For the complete documentation index, see llms.txt. Markdown versions of all pages are available by appending .md to any URL (e.g. /max/get-started.md).

Mojo function

router_group_limited

def router_group_limited[scores_type: DType, bias_type: DType, //, n_routed_experts: Int, n_experts_per_tok: Int, n_groups: Int, topk_group: Int, norm_weights: Bool, target: StringSlice[StaticConstantOrigin], scores_input_fn: OptionalReg[def[width: Int](IndexList[Int(2)]) capturing -> SIMD[scores_type, width]] = None](expert_indices: TileTensor[DType.int32, Storage=expert_indices.Storage, address_space=expert_indices.address_space, linear_idx_type=expert_indices.linear_idx_type, element_size=expert_indices.element_size], expert_weights: TileTensor[scores_type, Storage=expert_weights.Storage, address_space=expert_weights.address_space, linear_idx_type=expert_weights.linear_idx_type, element_size=expert_weights.element_size], expert_scores: TileTensor[scores_type, Storage=expert_scores.Storage, address_space=expert_scores.address_space, linear_idx_type=expert_scores.linear_idx_type, element_size=expert_scores.element_size], expert_bias: TileTensor[bias_type, Storage=expert_bias.Storage, address_space=expert_bias.address_space, linear_idx_type=expert_bias.linear_idx_type, element_size=expert_bias.element_size], routed_scaling_factor: Float32, context: DeviceContext)

A manually fused MoE router with the group-limited strategy.

Reference: https://github.com/deepseek-ai/DeepSeek-V3/blob/9b4e9788e4a3a731f7567338ed15d3ec549ce03b/inference/model.py#L566.

Inputs: expert_indices: The indices of the routed experts for each token. Shape: [num_tokens, num_experts_per_tok]. expert_weights: The weights of the routed experts for each token. Shape: [num_tokens, num_experts_per_tok]. expert_scores: The scores for each expert for each token.
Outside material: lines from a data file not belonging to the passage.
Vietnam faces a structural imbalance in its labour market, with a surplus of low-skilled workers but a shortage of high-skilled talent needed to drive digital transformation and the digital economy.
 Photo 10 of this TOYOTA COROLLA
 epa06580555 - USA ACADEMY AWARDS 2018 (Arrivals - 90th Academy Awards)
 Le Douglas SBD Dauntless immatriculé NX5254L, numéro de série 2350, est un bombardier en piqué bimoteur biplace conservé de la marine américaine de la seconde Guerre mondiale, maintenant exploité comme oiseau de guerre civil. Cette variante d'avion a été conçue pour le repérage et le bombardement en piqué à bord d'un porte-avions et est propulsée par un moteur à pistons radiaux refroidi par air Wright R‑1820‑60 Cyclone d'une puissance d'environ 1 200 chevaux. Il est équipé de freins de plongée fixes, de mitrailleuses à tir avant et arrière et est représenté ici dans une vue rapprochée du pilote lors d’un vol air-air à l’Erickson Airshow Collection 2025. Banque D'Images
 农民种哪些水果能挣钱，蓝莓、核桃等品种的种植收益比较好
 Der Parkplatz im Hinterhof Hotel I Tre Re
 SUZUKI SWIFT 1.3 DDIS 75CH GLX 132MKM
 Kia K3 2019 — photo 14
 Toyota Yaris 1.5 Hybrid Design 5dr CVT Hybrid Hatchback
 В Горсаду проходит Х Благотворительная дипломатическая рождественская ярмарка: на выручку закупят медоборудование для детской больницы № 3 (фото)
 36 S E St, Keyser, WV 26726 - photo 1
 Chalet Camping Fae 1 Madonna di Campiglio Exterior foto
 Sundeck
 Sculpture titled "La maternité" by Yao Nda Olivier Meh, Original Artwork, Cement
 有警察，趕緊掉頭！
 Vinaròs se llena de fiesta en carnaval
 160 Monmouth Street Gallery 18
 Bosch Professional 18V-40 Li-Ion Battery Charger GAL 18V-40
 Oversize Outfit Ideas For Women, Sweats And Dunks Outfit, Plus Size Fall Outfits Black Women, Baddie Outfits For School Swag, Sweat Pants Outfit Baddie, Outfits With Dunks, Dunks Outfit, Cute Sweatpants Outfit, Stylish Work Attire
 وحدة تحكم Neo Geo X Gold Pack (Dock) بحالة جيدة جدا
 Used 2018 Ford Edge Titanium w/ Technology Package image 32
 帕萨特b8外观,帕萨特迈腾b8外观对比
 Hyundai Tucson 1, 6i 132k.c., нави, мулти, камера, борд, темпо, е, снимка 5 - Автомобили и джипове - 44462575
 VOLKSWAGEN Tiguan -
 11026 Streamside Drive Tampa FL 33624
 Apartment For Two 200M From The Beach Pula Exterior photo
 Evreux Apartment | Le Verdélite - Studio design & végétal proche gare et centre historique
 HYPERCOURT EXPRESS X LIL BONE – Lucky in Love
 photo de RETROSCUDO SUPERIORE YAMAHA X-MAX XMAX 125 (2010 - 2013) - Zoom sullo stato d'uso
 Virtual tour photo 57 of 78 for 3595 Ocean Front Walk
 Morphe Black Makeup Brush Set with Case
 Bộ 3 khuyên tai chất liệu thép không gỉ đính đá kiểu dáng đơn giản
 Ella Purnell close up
Shape: [num_tokens, n_routed_experts]. expert_bias: The bias for each expert. Shape: [n_routed_experts]. routed_scaling_factor: The scaling factor for the routed expert weights. context: The device context.

Parameters:

scores_type (DType): The data type of the scores and the output weights.
bias_type (DType): The data type of the expert bias.
n_routed_experts (Int): The number of experts to route to.
n_experts_per_tok (Int): The number of experts to be selected per token.
n_groups (Int): The number of expert groups.
topk_group (Int): The number of expert groups to be selected per token.
norm_weights (Bool): Whether to normalize the selected weights.
target (StringSlice[StaticConstantOrigin]): The target device to run the kernel on.
scores_input_fn (OptionalReg[def[width: Int](IndexList[Int(2)]) capturing -> SIMD[scores_type, width]]): Input lambda function to load the scores.